GREEN councillors have said they would not be able to support Labour’s £25 million cuts budget because it contains “profoundly unfair proposals”.

The party has said it is deeply disappointed to see the Labour administration of Brighton and Hove City Council go “so far and so fast” in implementing central Government cuts on city residents.

Councillor Ollie Sykes said his party “absolutely cannot support” proposed cuts to children's centres, youth services and adult social care.

Council leader Warren Morgan said his administration had “no option” but to carry out cuts or cede power to central Government bureaucrats to carry out instead.

Council papers detailing department cuts totalling £25 million for 2016/17 and a further £40 million of savings over the next three years were released on Thursday.

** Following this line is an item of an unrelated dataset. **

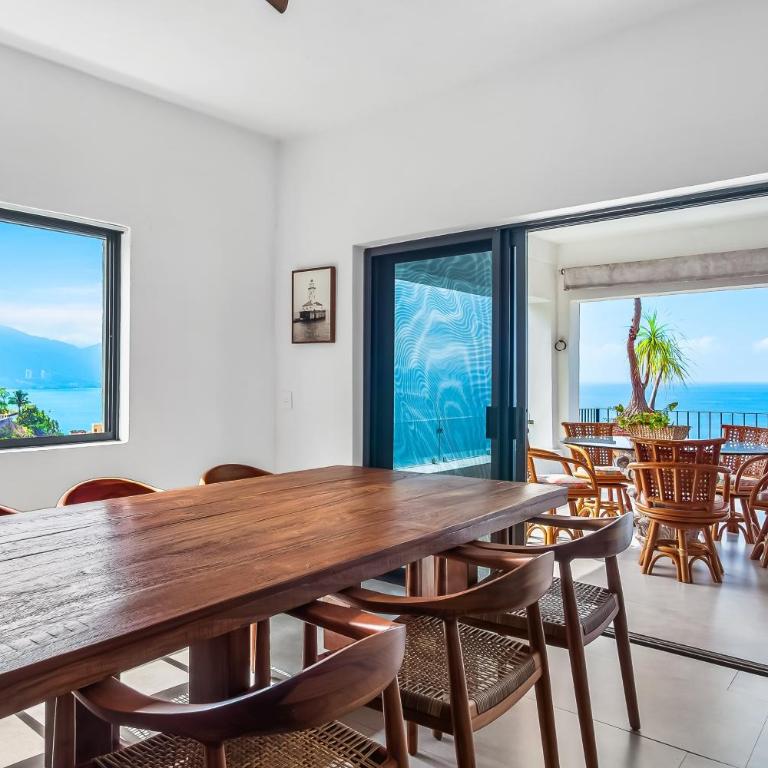 Bright ocean-view 2-story condo near beach with pool, balcony & full kitchen - Vacation Home - 16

Five hundred and forty jobs are set to go from the council by 2020 with children’s centres to close, £400,000 saved in the youth services budget by creating a new trust and £6.4 million of cuts in adult services.

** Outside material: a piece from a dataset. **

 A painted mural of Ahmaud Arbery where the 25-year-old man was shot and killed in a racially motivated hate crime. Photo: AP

The Greens have criticised these specific cuts as short sighted claiming they save the council money in the long-run by preventing the need for costly crisis intervention.

Cllr Sykes, Green finance spokesman, said Labour was not elected on a mandate to make massive cuts and the council needed to have a “more genuine conversation” with city residents about how to respond to central Government cuts.

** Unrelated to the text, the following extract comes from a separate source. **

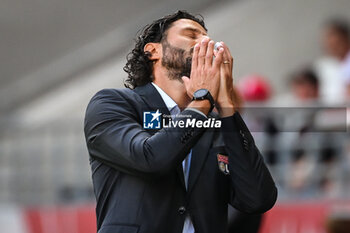 2023-10-01 - Fabio GROSSO of Lyon looks dejected during the French championship Ligue 1 football match between Stade de Reims and Olympique Lyonnais on October 1, 2023 at Auguste Delaune stadium in Reims, France - FOOTBALL - FRENCH CHAMP - REIMS V LYON - FRENCH LIGUE 1 - SOCCER
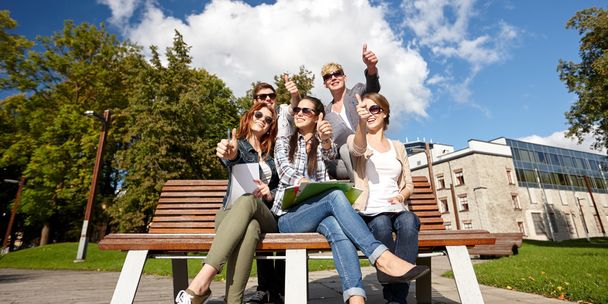 group of students or teenagers showing thumbs up - Foto, Bild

He blamed the local Labour party for opposing previous council tax rises and for wasting money in power on delaying the Valley Gardens project and dismissing chief executive Penny Thompson.

He said: “It shows massive hypocrisy that they are now asking the poorest and most vulnerable residents to shoulder a disproportionate burden of the cuts.

“As it currently stands, the Green group feel it is unlikely that we will be able to support this Labour cuts budget. "

Cllr Morgan said: “We don’t make these choices through a desire to cut these services, we are making these tough choices because the Chancellor is reducing our funding by a very, very significant amount.

“We are faced with a 30 to 40 per cent cut at least in what the council can afford to do and we have no option but to administer those cuts.”

The council leader said defying central Government cuts would mean “washing their hands of any responsibility” and handing control to Government bureaucrats if the council failed to pass a legal budget.

He said: “They won’t be decisions that local people will influence in any way at all and are likely to be far more painful than the ones we have been agonising over for the last few months.”